Femi Falana’s Fire On The Mountain

Dr. Mohamed Ibn Chambas

 

Last Saturday, the Kofi Annan International Peacekeeping Training Centre (KAIPTC) was venue of a symposium to commemorate the 75th birthday of Ghanaian diplomat Dr. Mohamed Ibn Chambas.

The remarks and observations from West Africa’s security researchers and analysts at the engagement have provoked thoughts about the future of the troubled sub-region.

Senior Advocate of Nigeria, Femi Falana, one of the panelists of the carefully selected contributors to the symposium, talked about the dearth of quality leadership in the sub-region and how this is responsible for the sorry state of the sub-region.

Of course, as he noted, today’s leaders in the sub-region are incomparable to those at the helm in the latter part of the 1950s to the 60s.

Selflessness, the main attribute of the leaders of the aforementioned period, has fled through the window.

Mismanagement of the economies of the sub-region has encouraged military adventurists with no clue as to what to do to reverse the order to give democracy a bad name and hang it through equally unproductive coups.

We cannot but agree with him that, if we want democracy and peace to thrive in the component countries of the sub-region, we must manage our economies with integrity and bereft of corruption.

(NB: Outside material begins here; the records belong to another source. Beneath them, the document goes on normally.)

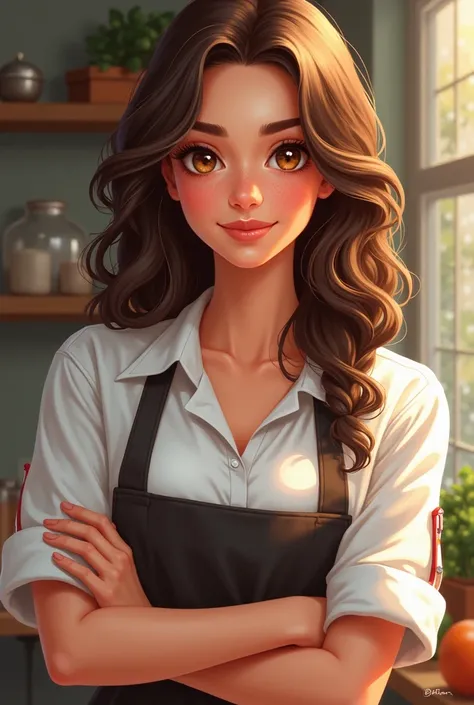  Paula, a 27-year-old girl with wavy brown hair, with light brown eyes , happy, nice , Who likes to cook and eat in the costume of a well-balanced cook 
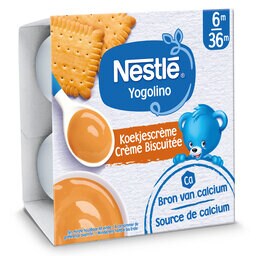 Nestlé | Yogolino | Melkdessert | Koekjescrème | Baby | 6 m 4 x 100 gr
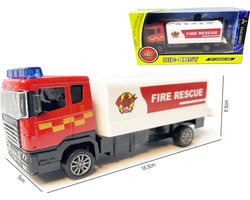 Brandweerwagen - Speelgoed brandweerauto watertankwagen - pull-back drive - 16.5 CM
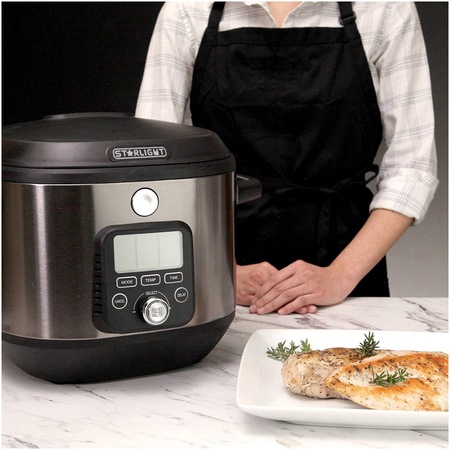 Multicooker Star-Light SOUS VIDE MCB-612VBL,1200W, 5.5l, Control Digital, 8 Functii de gatire, Oala anti-aderenta, Gratar SOUS VIDE, Lingura, Cana de masurare, Negru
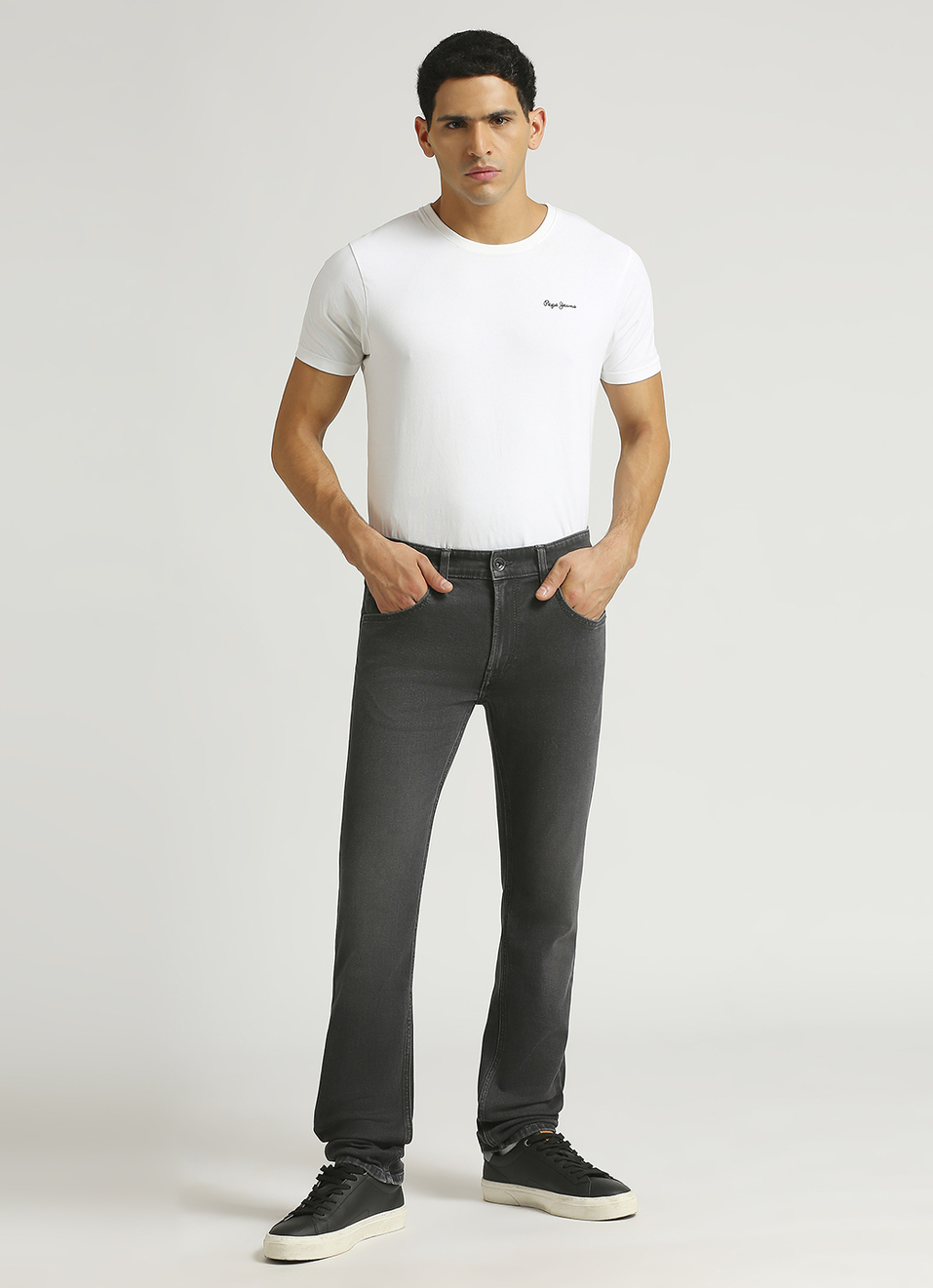 Vapour Grey Mid Rise Slim Fit Jeans, , large image number 1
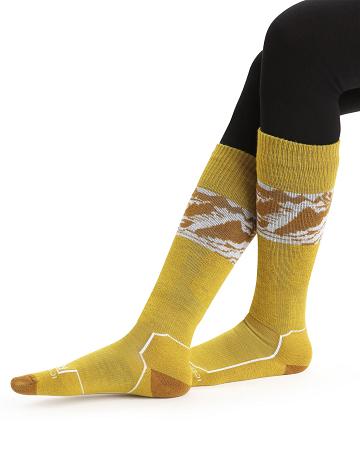 Women's Icebreaker Merino Ski+ Light Over the Calf Alps 3D Socks Silent Gold / Clove | CA 1543UZGT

Pointing at the existence of just a few seemingly stable countries in the sub-region, he particularly pointed at Guinea Bissau as coup-prone, noting how Nigeria escaped one recently.

West Africa is at the crossroads and unless something is done and soonest about enhancing the principles of democracy and proper management of the economies, the military adventurists ruling Mali, Guinea, Guinea Bissau and Niger will poison the political ambience of the sub-region by presenting coups as better options.

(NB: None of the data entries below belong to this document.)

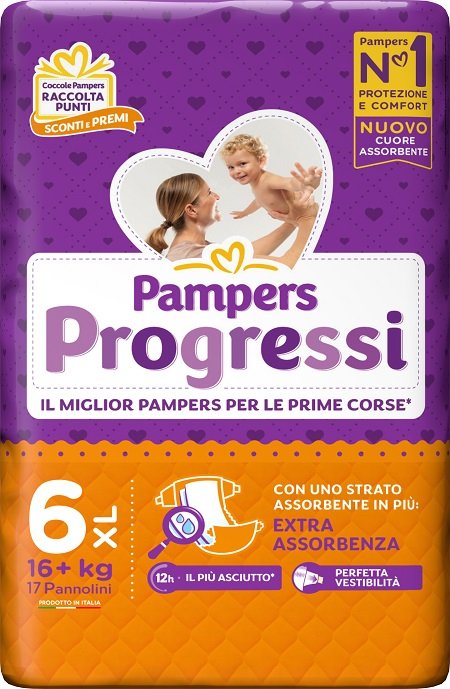 PAMPERS PROGRESSI EXTRALARGE PANNOLINO 6+ 16+KG 17 PEZZI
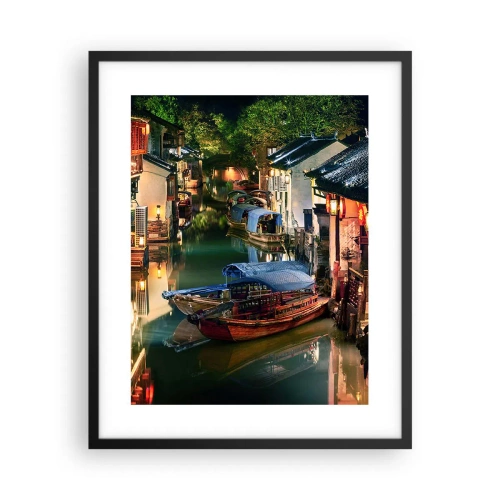 Affiche dans un cadre noir - Poster - Soirée dans une rue chinoise - 40x50 cm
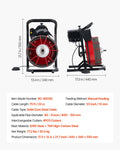 Drain Cleaner Machine 23m Manual Sewer Snake 13mm 4 Cutters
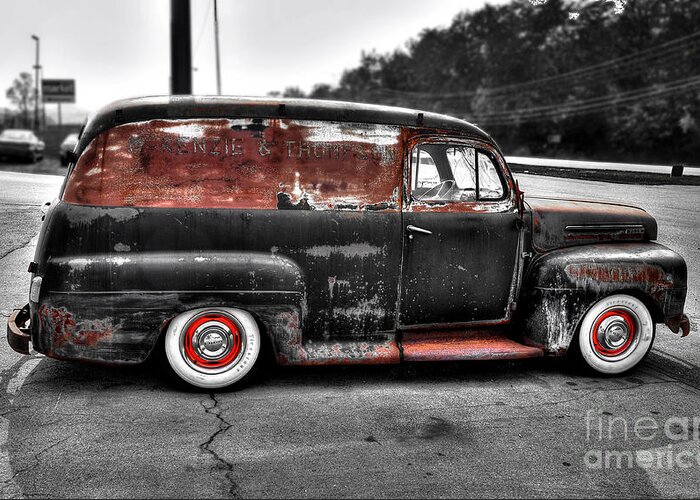 Hdr Greeting Card featuring the photograph 1948 Ford Panel Truck by Paul Mashburn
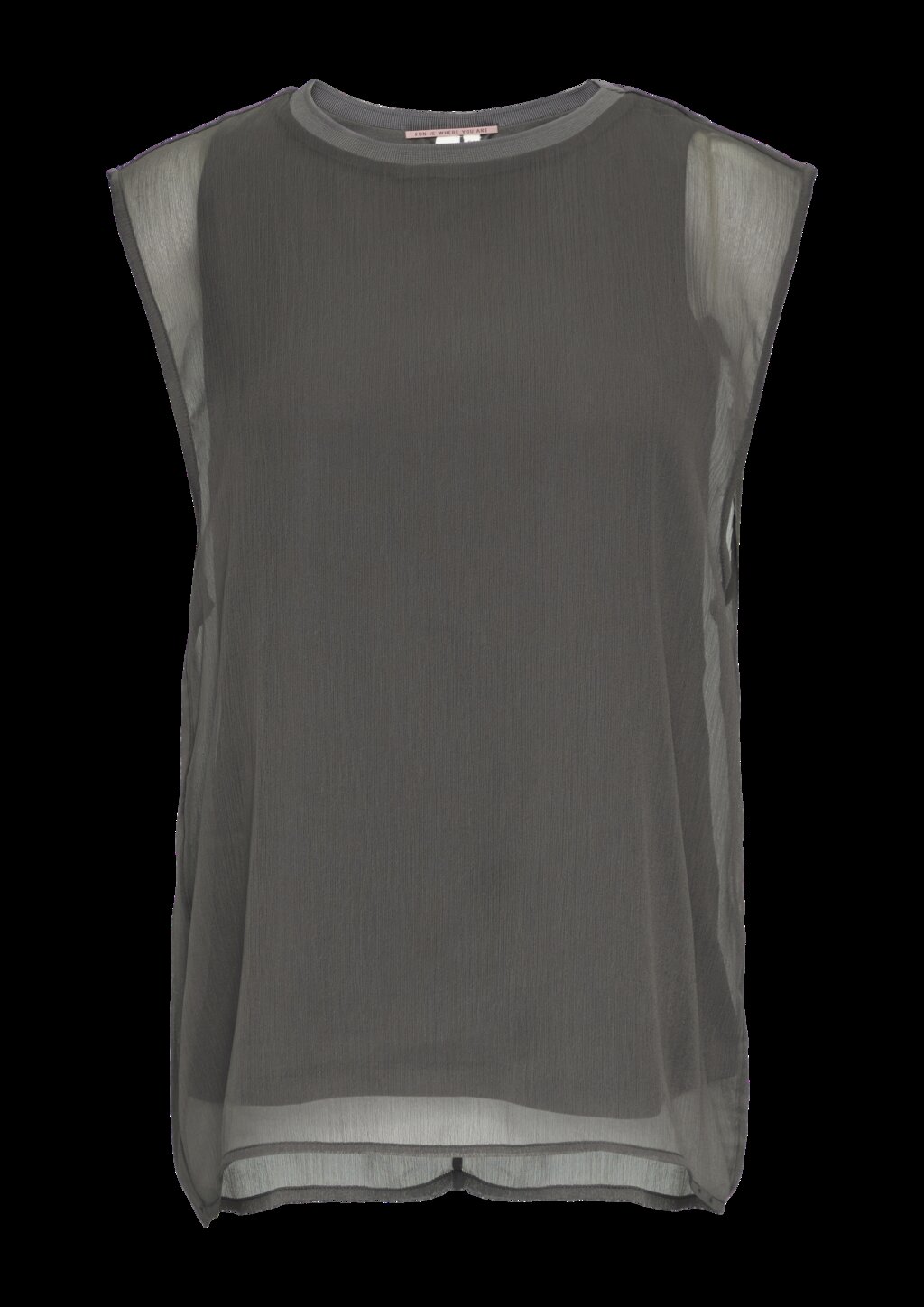 Ärmellose Chiffon-Bluse mit Jerseyfutter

Today, the image of the Burkinabe strongman is common in some parts of West Africa, Ghana included.

The man has been able to create the impression that he is solving the challenges of his country; with Russian support as his counterpart in Mali. We must be watchful about the fallouts.  Artificial Intelligence (AI)-generated videos show the man who hardly speaks English using that language to spread his propaganda incitingly, however, naive youth admire him.

A day had barely elapsed since the presentation of Lawyer Falana when an attempted coup was reported in Benin.

ECOWAS has announced the deployment of its standby force to support the friendly forces in the Francophone country.

Sounds interesting because the same standby force could not be deployed to Guinea Bissau when on the eve of a major election release a coup was announced.

What ECOWAS should be doing is to find out how best it can ensure that economies are not only managed well and for the good of all, but that constitutions, especially term limits, are not altered to give sitting leaders extra term as in Cote d’Ivoire.

Today, Togo as noted by the Nigerian lawyer has Eyadema II, a reality sounding like a monarchical arrangement.

Would ECOWAS send a standby force to Togo should there be an uprising in this dictatorial ambience?